While a small, red bump is common after a tick bite, you should monitor the area closely in the days following the incident and look for some of the early Lyme disease symptoms in humans. The first sign is known as an EM (Erythema migrans) rash, which develops at the affected area in between 70 and 80 percent of people with Lyme disease. This can begin anywhere from 3 to 30 days after the bite. An EM rash can be distinguished from other rashes based on its tendency to grow over time without being painful or itchy. While the outer area will remain red, the center of the rash will often clear up, giving it a bull’s-eye appearance. People in the early stages of Lyme disease may also experience flu-like symptoms.

Later symptoms and signs of Lyme disease can develop if the condition is left untreated, and they are more severe than the early effects.
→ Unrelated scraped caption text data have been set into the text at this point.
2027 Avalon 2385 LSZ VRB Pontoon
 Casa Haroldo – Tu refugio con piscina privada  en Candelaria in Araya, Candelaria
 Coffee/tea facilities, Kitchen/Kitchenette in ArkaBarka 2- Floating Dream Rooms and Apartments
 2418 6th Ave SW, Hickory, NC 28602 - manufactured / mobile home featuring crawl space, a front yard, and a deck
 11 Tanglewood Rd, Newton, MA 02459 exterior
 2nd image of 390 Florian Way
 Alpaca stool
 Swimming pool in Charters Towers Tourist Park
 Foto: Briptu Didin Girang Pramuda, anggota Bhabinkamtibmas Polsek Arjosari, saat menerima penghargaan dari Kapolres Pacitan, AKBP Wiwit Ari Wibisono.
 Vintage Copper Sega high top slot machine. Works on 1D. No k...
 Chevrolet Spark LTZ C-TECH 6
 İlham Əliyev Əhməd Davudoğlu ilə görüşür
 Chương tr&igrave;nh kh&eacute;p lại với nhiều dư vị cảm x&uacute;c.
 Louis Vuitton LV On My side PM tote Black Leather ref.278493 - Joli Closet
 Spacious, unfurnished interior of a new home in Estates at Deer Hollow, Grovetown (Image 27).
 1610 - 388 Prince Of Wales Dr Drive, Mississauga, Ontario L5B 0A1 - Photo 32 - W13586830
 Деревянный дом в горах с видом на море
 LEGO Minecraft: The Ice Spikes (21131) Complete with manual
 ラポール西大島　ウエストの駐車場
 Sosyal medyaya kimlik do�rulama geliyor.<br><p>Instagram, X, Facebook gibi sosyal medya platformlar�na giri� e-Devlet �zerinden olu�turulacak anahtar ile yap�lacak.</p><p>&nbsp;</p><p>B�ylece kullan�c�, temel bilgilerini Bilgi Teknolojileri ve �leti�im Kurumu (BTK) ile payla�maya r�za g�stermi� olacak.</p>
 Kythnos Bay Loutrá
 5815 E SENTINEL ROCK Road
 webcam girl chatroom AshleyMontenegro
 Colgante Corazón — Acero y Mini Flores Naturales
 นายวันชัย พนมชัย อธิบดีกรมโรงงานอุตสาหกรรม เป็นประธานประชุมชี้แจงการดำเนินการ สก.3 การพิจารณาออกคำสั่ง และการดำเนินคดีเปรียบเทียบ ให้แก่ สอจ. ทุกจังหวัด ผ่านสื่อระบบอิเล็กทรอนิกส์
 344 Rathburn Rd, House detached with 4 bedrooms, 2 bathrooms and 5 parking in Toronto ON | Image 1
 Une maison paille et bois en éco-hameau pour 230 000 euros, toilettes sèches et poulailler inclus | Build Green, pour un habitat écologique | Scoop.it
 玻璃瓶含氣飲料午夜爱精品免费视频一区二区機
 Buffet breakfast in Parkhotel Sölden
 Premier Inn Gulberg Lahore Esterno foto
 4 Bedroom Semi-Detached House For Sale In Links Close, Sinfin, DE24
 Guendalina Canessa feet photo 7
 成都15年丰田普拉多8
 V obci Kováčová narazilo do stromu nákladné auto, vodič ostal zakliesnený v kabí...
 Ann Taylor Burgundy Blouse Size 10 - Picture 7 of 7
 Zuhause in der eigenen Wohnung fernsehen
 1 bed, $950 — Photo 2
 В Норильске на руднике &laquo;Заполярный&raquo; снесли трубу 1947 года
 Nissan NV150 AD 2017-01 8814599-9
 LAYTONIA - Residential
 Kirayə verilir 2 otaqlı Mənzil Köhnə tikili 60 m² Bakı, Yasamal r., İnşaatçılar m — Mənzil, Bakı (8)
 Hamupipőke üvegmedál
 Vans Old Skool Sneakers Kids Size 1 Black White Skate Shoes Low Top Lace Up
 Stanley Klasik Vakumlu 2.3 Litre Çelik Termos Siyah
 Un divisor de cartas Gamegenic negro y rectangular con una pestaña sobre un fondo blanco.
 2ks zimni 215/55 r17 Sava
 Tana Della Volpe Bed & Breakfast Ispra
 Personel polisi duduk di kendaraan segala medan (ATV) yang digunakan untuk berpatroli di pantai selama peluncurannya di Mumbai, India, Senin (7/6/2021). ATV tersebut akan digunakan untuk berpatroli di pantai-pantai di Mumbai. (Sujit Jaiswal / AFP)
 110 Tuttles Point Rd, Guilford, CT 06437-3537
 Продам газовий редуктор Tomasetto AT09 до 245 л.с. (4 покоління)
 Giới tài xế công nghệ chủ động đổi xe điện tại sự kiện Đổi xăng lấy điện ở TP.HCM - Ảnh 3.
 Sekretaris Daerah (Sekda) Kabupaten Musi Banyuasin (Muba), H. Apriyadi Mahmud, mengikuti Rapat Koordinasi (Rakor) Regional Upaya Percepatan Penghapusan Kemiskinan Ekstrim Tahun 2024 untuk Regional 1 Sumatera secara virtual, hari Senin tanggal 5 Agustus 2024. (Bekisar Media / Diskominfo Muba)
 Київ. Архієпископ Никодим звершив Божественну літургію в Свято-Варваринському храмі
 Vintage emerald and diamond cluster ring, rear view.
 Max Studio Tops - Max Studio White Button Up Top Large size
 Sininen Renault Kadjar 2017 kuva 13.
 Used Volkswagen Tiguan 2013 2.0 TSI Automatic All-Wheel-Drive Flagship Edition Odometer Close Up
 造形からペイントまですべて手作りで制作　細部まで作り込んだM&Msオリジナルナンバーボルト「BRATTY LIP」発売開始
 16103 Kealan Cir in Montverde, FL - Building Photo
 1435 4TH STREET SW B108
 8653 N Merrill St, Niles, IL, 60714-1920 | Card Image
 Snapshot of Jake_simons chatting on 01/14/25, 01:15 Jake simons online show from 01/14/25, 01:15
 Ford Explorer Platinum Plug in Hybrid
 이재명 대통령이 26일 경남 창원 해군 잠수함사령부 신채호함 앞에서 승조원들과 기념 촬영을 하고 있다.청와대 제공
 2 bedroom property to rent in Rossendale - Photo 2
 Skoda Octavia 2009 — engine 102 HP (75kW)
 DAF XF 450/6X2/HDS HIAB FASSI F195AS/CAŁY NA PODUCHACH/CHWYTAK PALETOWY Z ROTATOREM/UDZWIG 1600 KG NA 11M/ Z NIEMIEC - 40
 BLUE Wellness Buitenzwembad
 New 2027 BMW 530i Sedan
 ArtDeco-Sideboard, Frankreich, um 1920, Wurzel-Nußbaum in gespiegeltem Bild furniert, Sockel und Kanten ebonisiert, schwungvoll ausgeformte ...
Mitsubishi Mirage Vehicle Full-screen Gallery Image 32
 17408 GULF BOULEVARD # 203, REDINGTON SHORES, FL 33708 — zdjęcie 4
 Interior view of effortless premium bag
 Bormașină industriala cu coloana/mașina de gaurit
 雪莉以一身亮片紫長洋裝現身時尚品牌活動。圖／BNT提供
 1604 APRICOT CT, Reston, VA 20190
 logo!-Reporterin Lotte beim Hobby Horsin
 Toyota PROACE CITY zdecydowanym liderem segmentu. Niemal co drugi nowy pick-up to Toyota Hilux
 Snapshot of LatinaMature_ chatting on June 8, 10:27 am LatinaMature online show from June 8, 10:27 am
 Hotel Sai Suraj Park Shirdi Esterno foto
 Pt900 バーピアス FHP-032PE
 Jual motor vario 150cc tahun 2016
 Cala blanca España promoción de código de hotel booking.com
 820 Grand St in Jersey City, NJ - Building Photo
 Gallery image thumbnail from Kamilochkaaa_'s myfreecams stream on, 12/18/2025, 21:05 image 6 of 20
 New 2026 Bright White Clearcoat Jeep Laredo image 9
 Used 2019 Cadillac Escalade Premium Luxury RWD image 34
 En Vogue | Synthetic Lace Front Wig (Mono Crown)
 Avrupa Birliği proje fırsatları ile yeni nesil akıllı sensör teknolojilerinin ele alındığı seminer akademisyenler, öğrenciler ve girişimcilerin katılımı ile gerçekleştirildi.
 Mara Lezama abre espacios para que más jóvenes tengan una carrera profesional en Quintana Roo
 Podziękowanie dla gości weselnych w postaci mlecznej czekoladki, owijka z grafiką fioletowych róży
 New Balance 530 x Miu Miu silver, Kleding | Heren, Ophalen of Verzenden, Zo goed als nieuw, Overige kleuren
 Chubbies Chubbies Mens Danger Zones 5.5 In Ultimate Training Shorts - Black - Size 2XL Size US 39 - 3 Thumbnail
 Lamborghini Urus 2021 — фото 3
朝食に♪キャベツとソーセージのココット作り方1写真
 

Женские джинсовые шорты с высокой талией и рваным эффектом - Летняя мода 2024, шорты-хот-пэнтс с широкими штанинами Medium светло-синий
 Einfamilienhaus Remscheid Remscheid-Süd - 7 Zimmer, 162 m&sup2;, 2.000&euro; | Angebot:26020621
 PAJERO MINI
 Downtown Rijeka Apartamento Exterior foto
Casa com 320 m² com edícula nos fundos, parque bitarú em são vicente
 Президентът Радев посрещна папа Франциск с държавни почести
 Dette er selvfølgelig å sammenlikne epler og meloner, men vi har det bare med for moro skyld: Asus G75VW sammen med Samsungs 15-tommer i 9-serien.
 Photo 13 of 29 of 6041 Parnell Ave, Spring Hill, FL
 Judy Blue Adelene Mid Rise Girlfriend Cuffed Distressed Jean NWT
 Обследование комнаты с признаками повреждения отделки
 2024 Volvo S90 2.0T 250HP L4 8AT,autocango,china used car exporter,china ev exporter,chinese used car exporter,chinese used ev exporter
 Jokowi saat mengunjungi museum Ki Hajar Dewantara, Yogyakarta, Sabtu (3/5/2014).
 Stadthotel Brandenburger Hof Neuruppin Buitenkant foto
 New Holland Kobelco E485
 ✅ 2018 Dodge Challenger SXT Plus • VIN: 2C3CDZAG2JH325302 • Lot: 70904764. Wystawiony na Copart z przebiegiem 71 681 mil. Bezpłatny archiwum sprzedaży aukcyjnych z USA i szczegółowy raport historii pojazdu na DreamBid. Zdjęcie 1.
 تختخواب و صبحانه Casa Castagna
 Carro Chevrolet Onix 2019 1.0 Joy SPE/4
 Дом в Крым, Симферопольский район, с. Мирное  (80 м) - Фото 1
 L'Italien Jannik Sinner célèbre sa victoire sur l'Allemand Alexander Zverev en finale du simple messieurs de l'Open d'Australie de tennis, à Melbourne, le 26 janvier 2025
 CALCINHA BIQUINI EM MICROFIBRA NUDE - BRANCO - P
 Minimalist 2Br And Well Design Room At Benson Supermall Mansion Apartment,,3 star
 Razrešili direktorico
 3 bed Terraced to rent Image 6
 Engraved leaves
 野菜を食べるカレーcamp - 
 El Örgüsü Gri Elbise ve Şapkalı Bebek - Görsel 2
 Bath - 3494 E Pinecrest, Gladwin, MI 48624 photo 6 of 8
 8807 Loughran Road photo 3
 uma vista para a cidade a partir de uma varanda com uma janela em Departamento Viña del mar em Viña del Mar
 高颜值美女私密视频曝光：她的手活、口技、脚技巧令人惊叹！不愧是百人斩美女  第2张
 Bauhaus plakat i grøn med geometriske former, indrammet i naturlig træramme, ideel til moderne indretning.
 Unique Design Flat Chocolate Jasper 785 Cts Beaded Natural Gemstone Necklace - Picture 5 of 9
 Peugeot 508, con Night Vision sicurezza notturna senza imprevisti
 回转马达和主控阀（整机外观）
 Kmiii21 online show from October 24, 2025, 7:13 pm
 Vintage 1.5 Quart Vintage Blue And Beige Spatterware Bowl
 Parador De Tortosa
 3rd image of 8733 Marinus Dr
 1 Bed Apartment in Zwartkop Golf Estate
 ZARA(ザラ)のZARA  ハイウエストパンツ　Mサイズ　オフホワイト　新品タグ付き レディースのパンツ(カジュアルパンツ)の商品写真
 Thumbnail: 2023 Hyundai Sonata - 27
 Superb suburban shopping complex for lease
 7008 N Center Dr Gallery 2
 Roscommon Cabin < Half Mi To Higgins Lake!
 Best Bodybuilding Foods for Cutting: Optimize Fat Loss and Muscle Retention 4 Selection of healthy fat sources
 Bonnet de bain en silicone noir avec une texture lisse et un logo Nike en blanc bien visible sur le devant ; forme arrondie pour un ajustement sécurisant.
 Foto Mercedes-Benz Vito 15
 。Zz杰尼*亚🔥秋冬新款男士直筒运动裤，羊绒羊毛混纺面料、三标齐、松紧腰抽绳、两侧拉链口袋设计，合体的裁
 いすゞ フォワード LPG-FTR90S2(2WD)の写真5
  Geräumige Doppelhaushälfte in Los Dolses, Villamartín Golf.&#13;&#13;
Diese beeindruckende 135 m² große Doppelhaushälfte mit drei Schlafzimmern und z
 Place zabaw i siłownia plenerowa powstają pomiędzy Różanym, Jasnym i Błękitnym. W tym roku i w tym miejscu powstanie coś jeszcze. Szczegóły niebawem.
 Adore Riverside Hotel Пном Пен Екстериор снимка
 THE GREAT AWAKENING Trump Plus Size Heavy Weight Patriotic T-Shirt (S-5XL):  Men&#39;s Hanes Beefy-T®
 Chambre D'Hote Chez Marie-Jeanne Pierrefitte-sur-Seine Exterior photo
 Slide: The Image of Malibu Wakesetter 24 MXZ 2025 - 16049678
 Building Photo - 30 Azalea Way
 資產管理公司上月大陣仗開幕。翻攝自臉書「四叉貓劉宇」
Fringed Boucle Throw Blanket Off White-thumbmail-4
The most obvious is the presence of additional EM rashes, but there are some other common signs you should be aware of:

  • Arthritis leading to joint swelling and pain, most often in the knees
  • Bell’s Palsy, which causes temporary paralysis on one side of the face
  • Neck stiffness along with headaches

Along with these, some Lyme disease patients experience one or more of a set of less common symptoms:

  • Irregular heartbeat or heart palpitations
  • Decreased short-term memory
  • Shortness of breath or dizziness
  • Pain in the tendons, nerves, or muscles
  • Inflamed brain and spinal cord
  • Numb or painful sensations in the extremities

While some of these may be hard to detect, it’s always better to be safe than sorry, so if anyone you know is exhibiting these signs and may be at risk, don’t hesitate to contact a medical professional. Lyme disease gets more severe as more time goes on without treatment, so it’s important to be on the lookout for common Lyme disease symptoms.